### [Action item]
As soon as the line containing "Mainan mobil Truk" appears in the material below, start returning lines exactly, and end with the line containing "Lymph MD – Lymphatic".

### [Data excerpts]
════════════════════
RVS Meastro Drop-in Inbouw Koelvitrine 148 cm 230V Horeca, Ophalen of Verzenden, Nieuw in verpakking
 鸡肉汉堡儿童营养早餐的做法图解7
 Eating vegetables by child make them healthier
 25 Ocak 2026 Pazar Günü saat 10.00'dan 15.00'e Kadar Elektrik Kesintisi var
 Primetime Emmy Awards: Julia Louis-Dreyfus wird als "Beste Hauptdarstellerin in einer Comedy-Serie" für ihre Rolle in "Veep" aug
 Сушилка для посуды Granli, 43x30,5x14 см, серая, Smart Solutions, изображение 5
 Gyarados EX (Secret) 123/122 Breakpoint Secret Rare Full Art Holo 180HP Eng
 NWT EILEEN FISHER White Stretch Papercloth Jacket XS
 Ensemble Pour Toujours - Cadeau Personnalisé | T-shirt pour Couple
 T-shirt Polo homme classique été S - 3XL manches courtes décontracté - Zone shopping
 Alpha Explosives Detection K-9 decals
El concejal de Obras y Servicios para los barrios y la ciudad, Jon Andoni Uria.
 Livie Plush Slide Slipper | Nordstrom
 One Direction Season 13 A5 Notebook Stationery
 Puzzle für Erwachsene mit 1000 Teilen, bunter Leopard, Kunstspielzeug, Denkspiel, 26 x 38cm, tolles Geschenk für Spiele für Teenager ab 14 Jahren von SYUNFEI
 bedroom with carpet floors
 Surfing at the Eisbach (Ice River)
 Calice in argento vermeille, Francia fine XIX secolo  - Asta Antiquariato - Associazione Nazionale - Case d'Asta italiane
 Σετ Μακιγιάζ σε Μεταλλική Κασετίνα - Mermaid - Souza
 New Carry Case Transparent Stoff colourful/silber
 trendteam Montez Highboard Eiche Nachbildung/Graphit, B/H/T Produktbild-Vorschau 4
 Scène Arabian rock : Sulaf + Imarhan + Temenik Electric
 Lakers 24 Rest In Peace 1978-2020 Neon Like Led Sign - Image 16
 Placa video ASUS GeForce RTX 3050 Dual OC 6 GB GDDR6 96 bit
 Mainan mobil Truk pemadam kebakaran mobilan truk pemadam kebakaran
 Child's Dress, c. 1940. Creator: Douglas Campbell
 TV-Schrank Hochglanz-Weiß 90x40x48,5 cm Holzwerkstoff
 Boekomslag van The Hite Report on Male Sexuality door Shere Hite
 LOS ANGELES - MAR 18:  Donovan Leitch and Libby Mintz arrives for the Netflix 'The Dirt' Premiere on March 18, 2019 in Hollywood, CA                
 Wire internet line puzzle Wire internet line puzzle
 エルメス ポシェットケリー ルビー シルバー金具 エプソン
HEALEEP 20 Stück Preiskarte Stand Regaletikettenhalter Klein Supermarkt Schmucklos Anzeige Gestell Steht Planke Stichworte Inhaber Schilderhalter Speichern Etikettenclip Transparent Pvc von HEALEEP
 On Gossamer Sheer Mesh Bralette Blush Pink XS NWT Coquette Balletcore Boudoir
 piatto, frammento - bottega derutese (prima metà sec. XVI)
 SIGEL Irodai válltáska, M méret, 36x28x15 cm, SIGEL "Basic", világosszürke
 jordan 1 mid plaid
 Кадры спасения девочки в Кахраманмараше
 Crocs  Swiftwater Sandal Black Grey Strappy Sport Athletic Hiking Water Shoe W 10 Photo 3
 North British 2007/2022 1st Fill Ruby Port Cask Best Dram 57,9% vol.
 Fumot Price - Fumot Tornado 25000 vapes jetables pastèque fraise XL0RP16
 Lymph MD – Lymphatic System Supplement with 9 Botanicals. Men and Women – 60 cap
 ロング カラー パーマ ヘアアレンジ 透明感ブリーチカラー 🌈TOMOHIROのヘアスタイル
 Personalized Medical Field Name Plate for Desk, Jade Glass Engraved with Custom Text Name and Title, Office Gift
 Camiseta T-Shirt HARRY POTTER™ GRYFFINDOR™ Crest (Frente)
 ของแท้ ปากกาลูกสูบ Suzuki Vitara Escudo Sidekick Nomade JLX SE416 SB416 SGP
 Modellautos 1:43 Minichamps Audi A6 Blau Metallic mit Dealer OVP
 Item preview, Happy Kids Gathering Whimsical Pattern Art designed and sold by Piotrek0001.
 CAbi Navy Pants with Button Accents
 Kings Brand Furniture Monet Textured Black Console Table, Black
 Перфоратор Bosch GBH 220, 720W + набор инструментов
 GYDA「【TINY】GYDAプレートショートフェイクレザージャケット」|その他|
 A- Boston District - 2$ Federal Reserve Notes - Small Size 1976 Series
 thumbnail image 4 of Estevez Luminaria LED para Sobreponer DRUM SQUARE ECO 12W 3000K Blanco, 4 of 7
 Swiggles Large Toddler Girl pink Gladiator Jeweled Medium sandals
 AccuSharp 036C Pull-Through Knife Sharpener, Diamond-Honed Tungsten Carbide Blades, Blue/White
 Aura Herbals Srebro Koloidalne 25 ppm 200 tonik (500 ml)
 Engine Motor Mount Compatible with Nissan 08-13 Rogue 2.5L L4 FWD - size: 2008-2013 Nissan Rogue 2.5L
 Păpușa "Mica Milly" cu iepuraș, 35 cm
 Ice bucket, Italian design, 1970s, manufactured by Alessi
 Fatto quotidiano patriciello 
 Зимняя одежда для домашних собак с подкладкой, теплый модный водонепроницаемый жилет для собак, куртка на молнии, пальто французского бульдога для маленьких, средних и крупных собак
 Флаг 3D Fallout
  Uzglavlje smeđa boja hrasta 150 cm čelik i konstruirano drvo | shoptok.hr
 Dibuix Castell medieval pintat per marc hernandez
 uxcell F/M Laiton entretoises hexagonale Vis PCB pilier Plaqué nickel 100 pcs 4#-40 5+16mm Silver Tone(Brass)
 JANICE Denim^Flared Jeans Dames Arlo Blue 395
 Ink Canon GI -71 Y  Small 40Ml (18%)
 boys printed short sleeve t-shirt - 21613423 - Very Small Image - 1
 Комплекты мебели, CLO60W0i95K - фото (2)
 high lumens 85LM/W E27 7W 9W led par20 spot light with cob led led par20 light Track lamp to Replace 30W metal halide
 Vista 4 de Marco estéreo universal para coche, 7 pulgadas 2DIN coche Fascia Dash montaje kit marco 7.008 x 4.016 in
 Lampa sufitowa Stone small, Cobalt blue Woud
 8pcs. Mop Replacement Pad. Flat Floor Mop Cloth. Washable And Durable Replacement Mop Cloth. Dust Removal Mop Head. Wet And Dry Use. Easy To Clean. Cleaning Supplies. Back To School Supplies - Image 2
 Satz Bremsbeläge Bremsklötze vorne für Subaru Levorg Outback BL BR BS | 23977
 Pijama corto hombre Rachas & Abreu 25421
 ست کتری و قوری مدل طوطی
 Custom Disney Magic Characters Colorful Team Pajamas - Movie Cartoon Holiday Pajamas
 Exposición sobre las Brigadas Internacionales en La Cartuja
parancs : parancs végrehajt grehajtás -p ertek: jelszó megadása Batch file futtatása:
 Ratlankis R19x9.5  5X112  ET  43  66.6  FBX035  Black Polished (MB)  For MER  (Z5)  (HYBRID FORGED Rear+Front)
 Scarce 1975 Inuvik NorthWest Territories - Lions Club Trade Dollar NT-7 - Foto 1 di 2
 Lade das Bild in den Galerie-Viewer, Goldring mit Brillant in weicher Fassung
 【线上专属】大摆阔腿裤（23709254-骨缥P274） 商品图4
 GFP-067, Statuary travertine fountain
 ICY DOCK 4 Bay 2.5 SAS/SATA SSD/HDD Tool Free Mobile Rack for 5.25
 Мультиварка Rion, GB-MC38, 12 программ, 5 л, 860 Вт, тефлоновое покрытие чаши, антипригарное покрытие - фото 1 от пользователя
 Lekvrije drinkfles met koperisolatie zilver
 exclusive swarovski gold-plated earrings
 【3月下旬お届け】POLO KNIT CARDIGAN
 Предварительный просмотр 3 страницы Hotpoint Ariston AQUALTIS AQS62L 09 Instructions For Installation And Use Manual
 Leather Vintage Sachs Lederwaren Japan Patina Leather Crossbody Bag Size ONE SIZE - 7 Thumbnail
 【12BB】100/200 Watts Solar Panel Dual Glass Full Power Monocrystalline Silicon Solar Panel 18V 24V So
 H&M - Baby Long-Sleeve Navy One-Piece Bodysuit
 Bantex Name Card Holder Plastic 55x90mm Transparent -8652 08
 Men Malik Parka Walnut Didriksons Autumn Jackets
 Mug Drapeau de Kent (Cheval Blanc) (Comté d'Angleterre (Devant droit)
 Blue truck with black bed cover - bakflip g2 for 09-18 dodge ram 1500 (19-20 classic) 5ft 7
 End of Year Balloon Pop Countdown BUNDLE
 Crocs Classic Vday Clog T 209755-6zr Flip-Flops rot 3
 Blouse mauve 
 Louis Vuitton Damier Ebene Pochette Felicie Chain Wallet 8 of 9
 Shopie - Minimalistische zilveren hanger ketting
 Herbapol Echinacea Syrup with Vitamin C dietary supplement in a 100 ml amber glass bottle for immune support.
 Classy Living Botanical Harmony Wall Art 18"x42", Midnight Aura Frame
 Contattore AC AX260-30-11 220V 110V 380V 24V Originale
════════════════════
### [Answer section]
 Mainan mobil Truk pemadam kebakaran mobilan truk pemadam kebakaran
 Child's Dress, c. 1940. Creator: Douglas Campbell
 TV-Schrank Hochglanz-Weiß 90x40x48,5 cm Holzwerkstoff
 Boekomslag van The Hite Report on Male Sexuality door Shere Hite
 LOS ANGELES - MAR 18:  Donovan Leitch and Libby Mintz arrives for the Netflix 'The Dirt' Premiere on March 18, 2019 in Hollywood, CA                
 Wire internet line puzzle Wire internet line puzzle
 エルメス ポシェットケリー ルビー シルバー金具 エプソン
HEALEEP 20 Stück Preiskarte Stand Regaletikettenhalter Klein Supermarkt Schmucklos Anzeige Gestell Steht Planke Stichworte Inhaber Schilderhalter Speichern Etikettenclip Transparent Pvc von HEALEEP
 On Gossamer Sheer Mesh Bralette Blush Pink XS NWT Coquette Balletcore Boudoir
 piatto, frammento - bottega derutese (prima metà sec. XVI)
 SIGEL Irodai válltáska, M méret, 36x28x15 cm, SIGEL "Basic", világosszürke
 jordan 1 mid plaid
 Кадры спасения девочки в Кахраманмараше
 Crocs  Swiftwater Sandal Black Grey Strappy Sport Athletic Hiking Water Shoe W 10 Photo 3
 North British 2007/2022 1st Fill Ruby Port Cask Best Dram 57,9% vol.
 Fumot Price - Fumot Tornado 25000 vapes jetables pastèque fraise XL0RP16
 Lymph MD – Lymphatic System Supplement with 9 Botanicals. Men and Women – 60 cap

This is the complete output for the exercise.